The water wasn’t chocolate-milk muddy but there was less than a foot of visibility for sure and that would have been gauging it with a big, bright spinnerbait. The clear squarebill disappeared into the abyss just a few inches in. For the next 5 hours, I picked this crankbait up off and on and caught two more small bass on it in the muddy water, all the while my dad rotated between the chartreuse and black-back squarebill and a big spinnerbait and had only one bite.
I had already seen all I needed to see to firmly believe that this clear crank would get bit in mud but my ego wouldn’t allow me to post this piece without at least a two-pounder to go with it. The next time I had a chance to throw the nude Strike King 1.5 in muddy water came on Lake Eufaula on February 22. I spent approximately two hours throwing this bait on riprap in water with less than a foot of visibility and caught 5 or 6 more fish.
What does this mean?
So I caught fish on a clear crankbait in muddy water… but what does this really mean? Should I throw away every bright-colored bait I have because color simply does not matter to a bass?
Well no; I don’t think that’s the takeaway from all of this. Although I do believe now that color likely matters more in clearer water than it does in muddy water, which is a big shift in my way of thinking.
It’s been theorized for years that bass rely on their lateral lines in large part to hunt. The lateral line of a bass is a system of sensory organs that are able to detect movement, vibration and pressure changes in the environment around the fish. So this is how the bass were able to target and eat my clear crankbait, even in water where they couldn’t have possibly seen it.
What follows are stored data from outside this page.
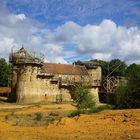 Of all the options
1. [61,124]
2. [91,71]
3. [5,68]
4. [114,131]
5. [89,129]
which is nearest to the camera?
[114,131]

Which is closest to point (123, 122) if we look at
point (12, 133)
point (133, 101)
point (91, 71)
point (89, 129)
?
point (89, 129)

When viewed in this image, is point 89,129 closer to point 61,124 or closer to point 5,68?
point 61,124

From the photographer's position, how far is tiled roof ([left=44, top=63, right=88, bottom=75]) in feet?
283

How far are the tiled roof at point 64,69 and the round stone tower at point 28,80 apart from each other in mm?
9247

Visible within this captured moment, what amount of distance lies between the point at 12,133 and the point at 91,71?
225ft

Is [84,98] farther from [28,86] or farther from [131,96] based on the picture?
[28,86]

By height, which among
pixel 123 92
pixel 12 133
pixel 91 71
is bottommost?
pixel 12 133

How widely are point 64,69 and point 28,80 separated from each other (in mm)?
16424

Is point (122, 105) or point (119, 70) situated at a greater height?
point (119, 70)

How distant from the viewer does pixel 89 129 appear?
82.1ft

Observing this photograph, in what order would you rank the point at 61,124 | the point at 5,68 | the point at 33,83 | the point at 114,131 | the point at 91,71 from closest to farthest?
the point at 114,131, the point at 61,124, the point at 33,83, the point at 91,71, the point at 5,68

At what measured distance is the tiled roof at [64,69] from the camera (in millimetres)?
86312

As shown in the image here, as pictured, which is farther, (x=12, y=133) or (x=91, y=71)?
(x=91, y=71)

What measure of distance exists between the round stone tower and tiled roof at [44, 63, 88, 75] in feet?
30.3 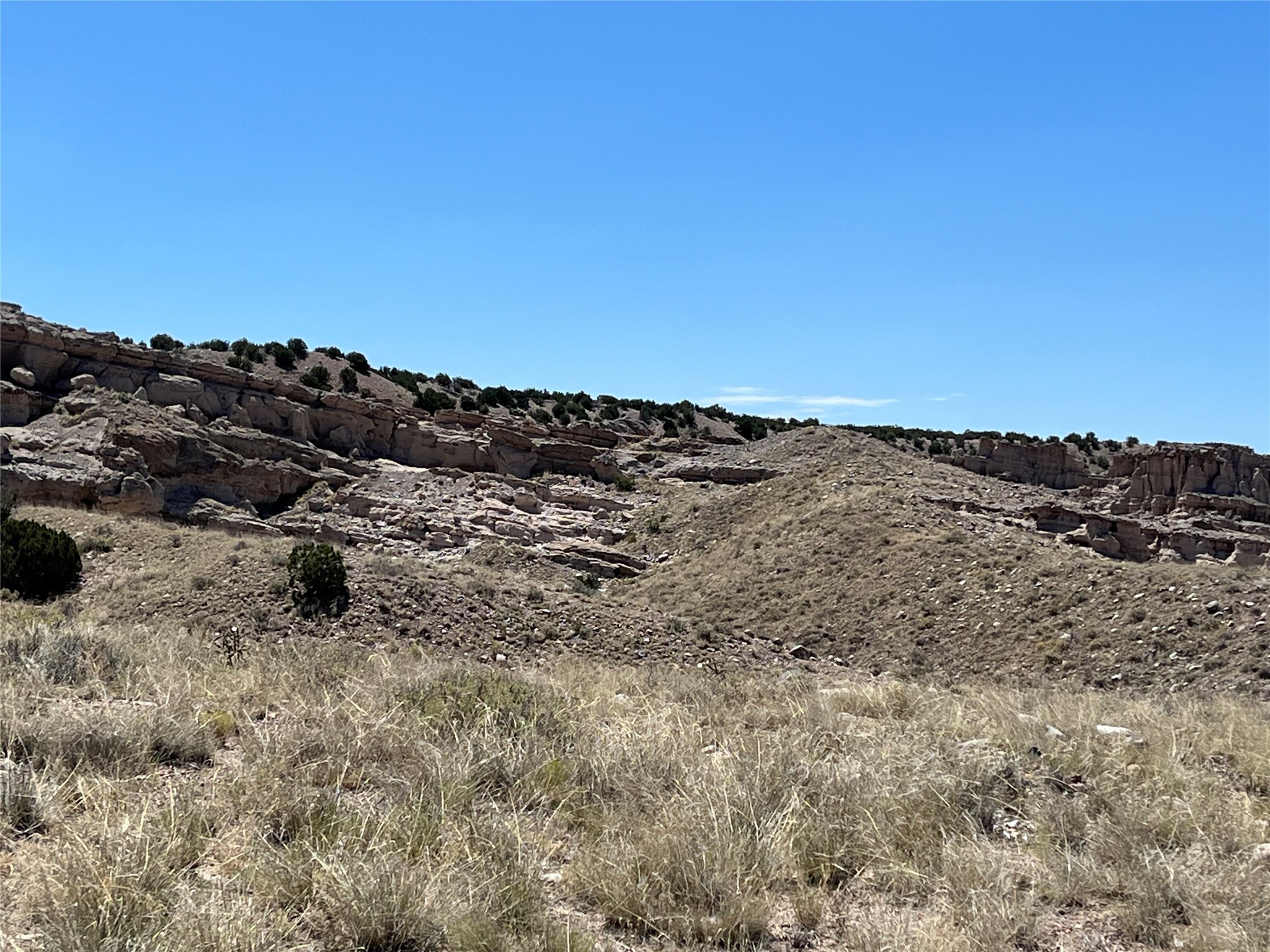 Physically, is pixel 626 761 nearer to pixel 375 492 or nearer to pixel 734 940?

Probably the most astonishing part of this whole process was that the clear crankbait I used didn’t even have a rattle in it to attract the bass. It was a KVD 1.5 silent squarebill. So the bass had no color or sound to work with, simply the water displacement of the wobbling bait and any minuscule sound the lure might have made colliding with the cover. What a mind-bending experience for me as an angler.
Conclusion
Color certainly still matters. But it becomes more important as the water clarity improves, especially with moving baits. It still likely helps to use dark, slow-moving baits like jigs and Texas-rigged worms in muddy water, so the bass may be able to see the silhouette of the bait as it crawls by.
But for baits that are on the move in the mud, like squarebills, spinnerbaits and even lipless cranks, the amount of vibration they put off matters far more than the color, in my opinion. And that opinion is different now than what it used to be, on account of the real-world proof I cannot deny. If you have your doubts, give it a try… but be ready to have your world rocked.